Appealability/Appeal Sanctions: Failure To Appeal Fee Order Denial Was Untimely

Court of Appeal Did Not Impose Sanctions, Apparently Finding Further Appeal Fees/Costs Might Punish Enough.

Zeppenfeld v. Reilley, Case No. A138668 (1st Dist., Div. 4 June 30, 2014) (unpublished) again reinforces a lesson we have stressed many a time—appeal an entry of an order denying a fee motion, even if a later judgment confirms that fact, especially if the judgment is but confirmatory of what happened earlier. The failure to appeal the prior fee denial order was dispositive from an appealability perspective. (Laraway v. Pasadena Unified School Dist., 98 Cal.App.4th 579, 582 (2002).)

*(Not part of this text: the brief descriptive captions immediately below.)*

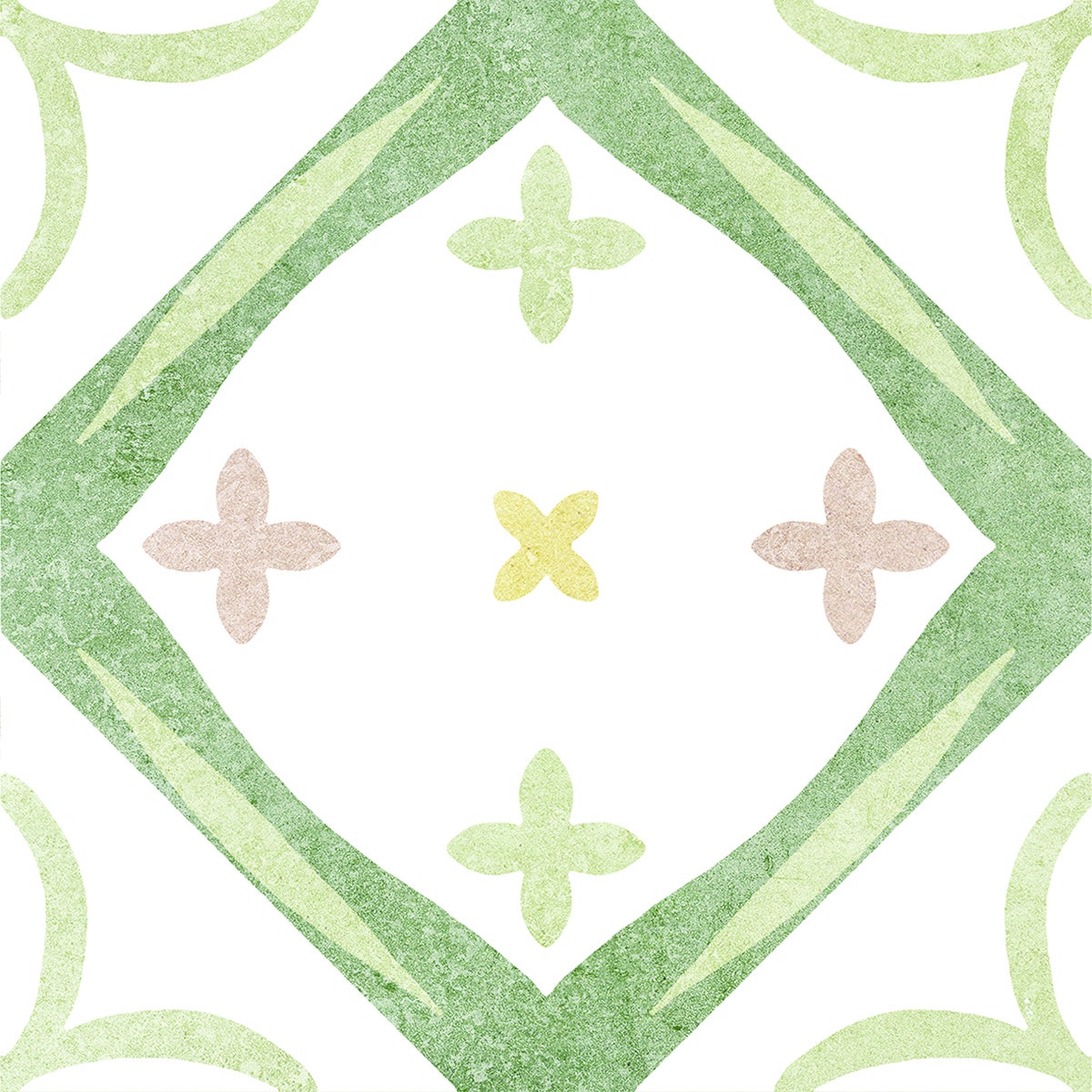 Piastrella da pavimento e rivestimento interno in gres porcellanato 20 x 20 cm non rettificato smaltato verde e biege e bianco Country Charm R9 traffico intenso (pei 4/5) Sp. 8.2 mm 1.36 mq - 8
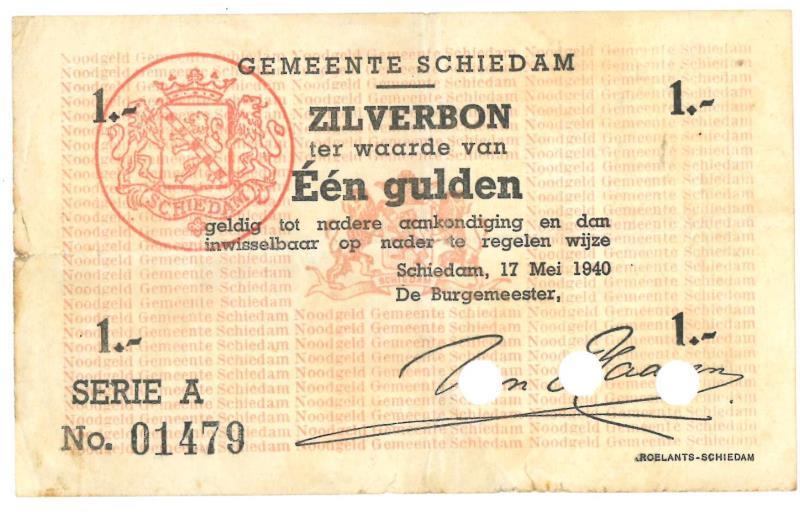 Nederland. 1 gulden. Noodgeld. Type 1940. Schiedam - Fraai.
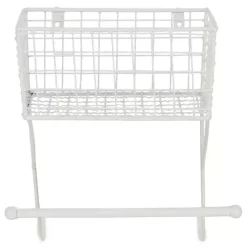 Clearance Kirklands Home Antique White Wire Basket Towel Rack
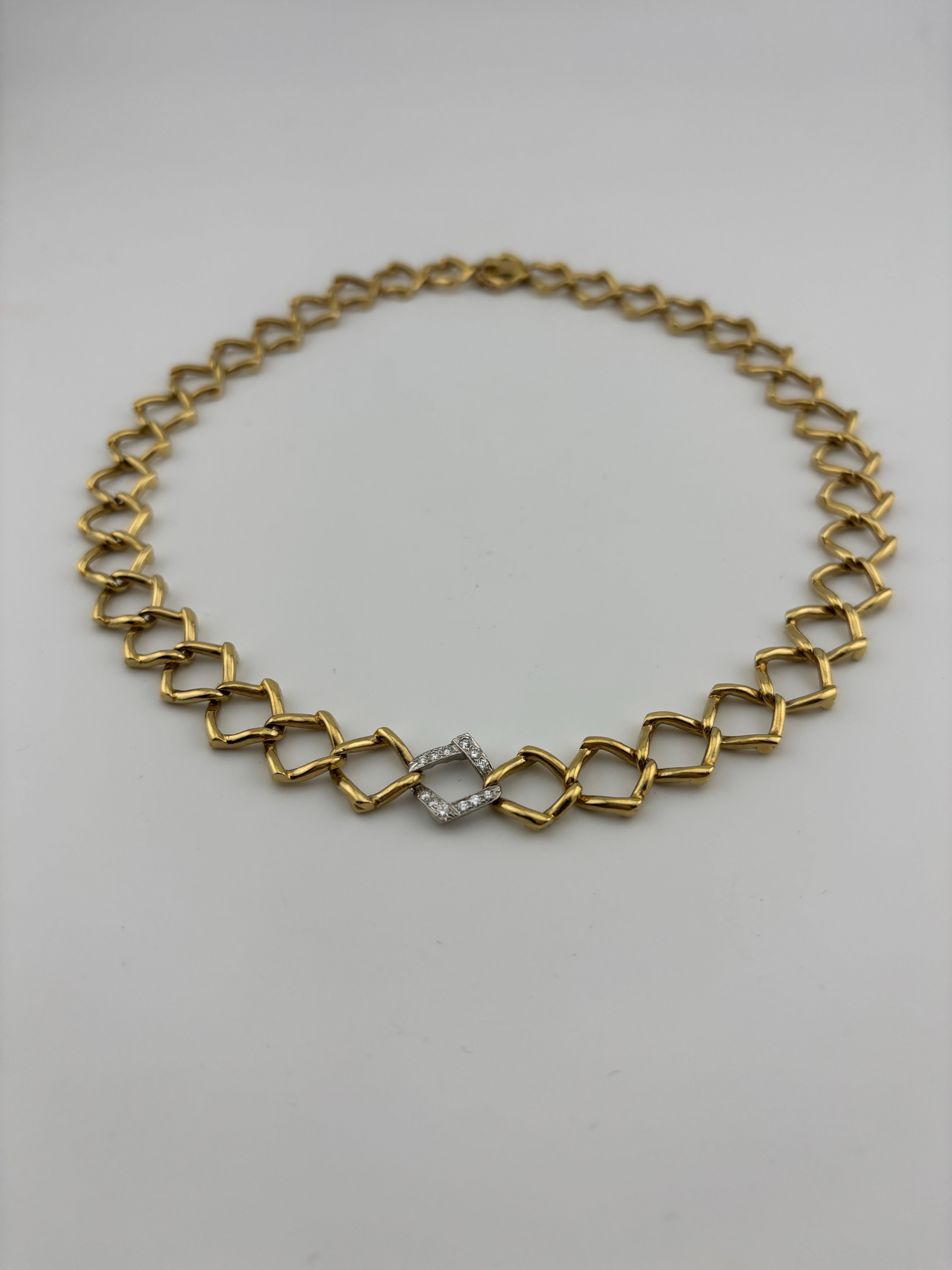 Vintage 1981 Tiffany & Co. Paloma Picasso 18k Yellow Gold & Diamond Necklace For Sale 9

The other side said, wait, this was a frivolous appeal for which sanctions are required. However, in an interesting trend we are seeing in some opinions, the reviewing court did not disagree about the frivolity of the appeal, but seemed to suggest that the aggrieved litigant could be made whole by seeking further legal fees for successfully prevailing on appeal based on a contractual fees clause. So, said the appellate court, go back to the trial court to see what fees you got on appeal, keeping in mind we remanded rather than independently sanctioned on appeal. We shall see if this remedy catches on among other appellate courts—and whether lower courts get the “hint” from the reviewing court in fee remanding proceedings where appellate sanctions could have been awarded.